Campuses in Hefei have 19 schools covering a wide range of fields with a strong focus on engineering science. The schools offer 82 undergraduate programs, 32 first-level disciples with authorization to confer master's degrees, 12 first-level disciples for doctoral programs as well as 12 post-doctoral programs. 4 disciplines are selected as national key disciplines, 28 provincial key disciplines. The university has 1 state key lab, 1 national engineering lab, 4 national university-industry joint engineering research centers and 46 research centers at the ministerial or provincial level as well as 1 national A-level architectural design and research institute. The campus in Xuancheng has 5 departments.

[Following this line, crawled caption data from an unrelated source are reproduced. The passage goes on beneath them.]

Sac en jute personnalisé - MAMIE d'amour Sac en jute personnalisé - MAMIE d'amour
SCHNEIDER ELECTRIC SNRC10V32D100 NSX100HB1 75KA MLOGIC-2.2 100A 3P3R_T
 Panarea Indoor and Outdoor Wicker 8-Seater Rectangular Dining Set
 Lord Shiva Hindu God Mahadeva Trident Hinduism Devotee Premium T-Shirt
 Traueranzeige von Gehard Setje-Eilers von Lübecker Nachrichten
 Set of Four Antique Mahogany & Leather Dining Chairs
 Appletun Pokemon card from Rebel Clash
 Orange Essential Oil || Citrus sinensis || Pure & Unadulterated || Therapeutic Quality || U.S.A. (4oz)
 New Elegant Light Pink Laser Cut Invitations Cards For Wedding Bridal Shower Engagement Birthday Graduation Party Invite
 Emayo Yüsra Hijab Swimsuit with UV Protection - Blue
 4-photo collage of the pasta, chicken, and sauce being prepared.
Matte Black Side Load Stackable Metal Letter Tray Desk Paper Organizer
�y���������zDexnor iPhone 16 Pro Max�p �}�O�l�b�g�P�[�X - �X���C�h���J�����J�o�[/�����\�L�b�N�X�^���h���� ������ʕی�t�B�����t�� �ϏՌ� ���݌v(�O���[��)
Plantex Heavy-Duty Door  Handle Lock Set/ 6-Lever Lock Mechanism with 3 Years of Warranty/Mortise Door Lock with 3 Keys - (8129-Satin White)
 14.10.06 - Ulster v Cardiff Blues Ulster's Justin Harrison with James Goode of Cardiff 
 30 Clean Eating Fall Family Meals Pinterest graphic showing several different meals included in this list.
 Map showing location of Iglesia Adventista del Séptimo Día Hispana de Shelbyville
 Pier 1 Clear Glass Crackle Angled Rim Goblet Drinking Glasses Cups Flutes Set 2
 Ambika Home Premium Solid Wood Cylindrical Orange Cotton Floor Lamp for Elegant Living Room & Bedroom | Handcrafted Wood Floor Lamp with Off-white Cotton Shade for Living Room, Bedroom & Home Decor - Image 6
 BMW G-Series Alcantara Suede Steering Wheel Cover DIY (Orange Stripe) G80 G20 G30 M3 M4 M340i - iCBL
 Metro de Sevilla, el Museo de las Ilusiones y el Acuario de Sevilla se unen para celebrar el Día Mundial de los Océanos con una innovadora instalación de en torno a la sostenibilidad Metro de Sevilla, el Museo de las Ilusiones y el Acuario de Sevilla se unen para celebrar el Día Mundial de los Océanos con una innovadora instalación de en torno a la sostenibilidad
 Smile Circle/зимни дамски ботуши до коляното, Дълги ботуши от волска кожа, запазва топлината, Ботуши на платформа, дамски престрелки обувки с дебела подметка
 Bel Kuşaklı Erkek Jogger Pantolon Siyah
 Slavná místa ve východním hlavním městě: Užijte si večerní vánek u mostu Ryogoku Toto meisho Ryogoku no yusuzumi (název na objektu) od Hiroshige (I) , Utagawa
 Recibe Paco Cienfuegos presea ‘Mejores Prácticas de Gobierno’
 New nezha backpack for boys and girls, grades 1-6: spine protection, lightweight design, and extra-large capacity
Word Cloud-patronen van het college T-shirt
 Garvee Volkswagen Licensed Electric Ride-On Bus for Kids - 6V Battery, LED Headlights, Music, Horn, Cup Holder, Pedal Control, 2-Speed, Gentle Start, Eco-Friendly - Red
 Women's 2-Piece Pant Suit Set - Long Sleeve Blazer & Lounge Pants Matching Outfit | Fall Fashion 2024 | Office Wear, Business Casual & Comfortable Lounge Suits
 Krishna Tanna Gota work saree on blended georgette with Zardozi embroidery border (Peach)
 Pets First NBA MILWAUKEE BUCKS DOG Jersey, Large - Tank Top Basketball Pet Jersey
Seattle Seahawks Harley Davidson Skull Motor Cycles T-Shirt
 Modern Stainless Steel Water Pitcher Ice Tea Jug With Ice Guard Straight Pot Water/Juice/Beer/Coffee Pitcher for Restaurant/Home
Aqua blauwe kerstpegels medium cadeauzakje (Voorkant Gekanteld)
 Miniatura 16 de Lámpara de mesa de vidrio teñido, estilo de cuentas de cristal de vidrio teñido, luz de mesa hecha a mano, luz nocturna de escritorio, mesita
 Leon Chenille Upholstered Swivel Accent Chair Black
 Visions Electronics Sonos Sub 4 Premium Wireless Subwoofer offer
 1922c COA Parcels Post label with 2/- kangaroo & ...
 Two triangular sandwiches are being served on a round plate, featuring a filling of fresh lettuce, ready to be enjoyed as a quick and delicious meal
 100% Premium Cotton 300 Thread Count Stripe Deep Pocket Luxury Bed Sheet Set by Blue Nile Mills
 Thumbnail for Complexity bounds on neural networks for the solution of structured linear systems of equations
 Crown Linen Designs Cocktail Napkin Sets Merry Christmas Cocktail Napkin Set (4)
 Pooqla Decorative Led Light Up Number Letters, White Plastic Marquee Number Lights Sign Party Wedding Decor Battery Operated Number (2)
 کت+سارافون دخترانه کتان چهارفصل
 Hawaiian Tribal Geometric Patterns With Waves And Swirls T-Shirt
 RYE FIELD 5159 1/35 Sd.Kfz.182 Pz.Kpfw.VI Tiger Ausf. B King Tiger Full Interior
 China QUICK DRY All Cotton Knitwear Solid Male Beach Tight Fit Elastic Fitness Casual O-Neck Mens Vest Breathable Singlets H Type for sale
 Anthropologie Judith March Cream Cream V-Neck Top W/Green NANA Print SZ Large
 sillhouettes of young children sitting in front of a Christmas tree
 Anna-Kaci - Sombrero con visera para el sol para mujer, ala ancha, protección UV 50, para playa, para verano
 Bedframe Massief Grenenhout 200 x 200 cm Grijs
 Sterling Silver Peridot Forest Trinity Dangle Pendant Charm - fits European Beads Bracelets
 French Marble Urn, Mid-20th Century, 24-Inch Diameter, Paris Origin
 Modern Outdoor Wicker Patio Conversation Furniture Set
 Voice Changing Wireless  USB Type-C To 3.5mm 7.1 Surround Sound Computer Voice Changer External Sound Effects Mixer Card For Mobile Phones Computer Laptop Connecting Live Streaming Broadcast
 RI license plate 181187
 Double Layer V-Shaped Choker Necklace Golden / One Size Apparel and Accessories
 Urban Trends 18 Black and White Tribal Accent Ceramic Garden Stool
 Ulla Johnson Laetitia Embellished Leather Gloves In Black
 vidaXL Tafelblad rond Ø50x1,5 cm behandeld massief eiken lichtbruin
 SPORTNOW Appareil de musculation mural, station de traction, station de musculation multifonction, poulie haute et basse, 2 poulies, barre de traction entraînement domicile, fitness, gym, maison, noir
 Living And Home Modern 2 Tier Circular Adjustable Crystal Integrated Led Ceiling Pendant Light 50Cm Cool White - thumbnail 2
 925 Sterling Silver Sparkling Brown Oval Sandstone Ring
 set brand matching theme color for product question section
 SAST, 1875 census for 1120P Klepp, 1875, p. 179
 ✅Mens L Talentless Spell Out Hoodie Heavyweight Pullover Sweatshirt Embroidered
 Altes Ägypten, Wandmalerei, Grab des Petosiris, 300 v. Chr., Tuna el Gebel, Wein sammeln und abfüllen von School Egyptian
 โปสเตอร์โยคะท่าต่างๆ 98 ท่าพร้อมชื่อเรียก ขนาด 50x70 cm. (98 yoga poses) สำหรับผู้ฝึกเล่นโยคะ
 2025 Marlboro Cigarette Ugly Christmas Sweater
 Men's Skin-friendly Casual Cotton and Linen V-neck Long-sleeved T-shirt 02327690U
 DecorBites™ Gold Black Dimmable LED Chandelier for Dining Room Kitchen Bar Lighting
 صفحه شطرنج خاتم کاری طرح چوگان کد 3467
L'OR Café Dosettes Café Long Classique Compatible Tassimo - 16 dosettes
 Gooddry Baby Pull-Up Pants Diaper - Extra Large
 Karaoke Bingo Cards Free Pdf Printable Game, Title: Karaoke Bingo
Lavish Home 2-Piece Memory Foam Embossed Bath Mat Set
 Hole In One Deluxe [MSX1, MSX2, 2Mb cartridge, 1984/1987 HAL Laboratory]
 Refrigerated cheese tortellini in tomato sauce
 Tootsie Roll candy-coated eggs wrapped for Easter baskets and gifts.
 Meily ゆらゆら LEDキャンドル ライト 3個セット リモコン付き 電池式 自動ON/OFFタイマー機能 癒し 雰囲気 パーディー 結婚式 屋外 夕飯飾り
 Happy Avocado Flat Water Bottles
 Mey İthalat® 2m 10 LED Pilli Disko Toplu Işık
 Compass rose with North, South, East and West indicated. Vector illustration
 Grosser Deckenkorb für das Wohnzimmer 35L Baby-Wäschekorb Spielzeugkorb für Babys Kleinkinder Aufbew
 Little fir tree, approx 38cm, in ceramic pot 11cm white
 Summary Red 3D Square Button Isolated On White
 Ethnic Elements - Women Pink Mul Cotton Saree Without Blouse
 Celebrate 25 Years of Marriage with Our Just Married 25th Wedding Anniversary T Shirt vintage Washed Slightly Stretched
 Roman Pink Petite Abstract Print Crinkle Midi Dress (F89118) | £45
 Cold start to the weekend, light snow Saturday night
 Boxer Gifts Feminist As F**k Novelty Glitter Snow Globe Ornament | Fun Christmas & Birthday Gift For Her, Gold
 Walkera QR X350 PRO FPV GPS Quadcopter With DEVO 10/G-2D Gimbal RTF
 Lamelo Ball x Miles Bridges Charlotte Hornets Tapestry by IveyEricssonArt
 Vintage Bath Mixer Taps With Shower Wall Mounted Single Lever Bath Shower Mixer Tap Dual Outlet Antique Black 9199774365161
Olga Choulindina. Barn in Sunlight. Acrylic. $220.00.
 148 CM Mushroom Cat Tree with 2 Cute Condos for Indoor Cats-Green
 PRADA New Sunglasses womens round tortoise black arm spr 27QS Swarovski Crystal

It has made remarkable achievements in student education. Throughout the years, key disciplines, courses, textbooks, teaching and experiment centers, teaching staff of HFUT have won numerous awards at all levels, highly reputed in China. It is among the first batch of 61 pilot colleges and universities to conduct the Education and Development Plan for Outstanding Engineers initiated by the Ministry of Education. About 200 projects carried out by HFUT students have been funded by the National University Student Innovation Program.

In 2013, the university had an annual research funding in sciences of over RMB 447 Million. Total number of applications for invention patents was 357, of which 204 have been licensed.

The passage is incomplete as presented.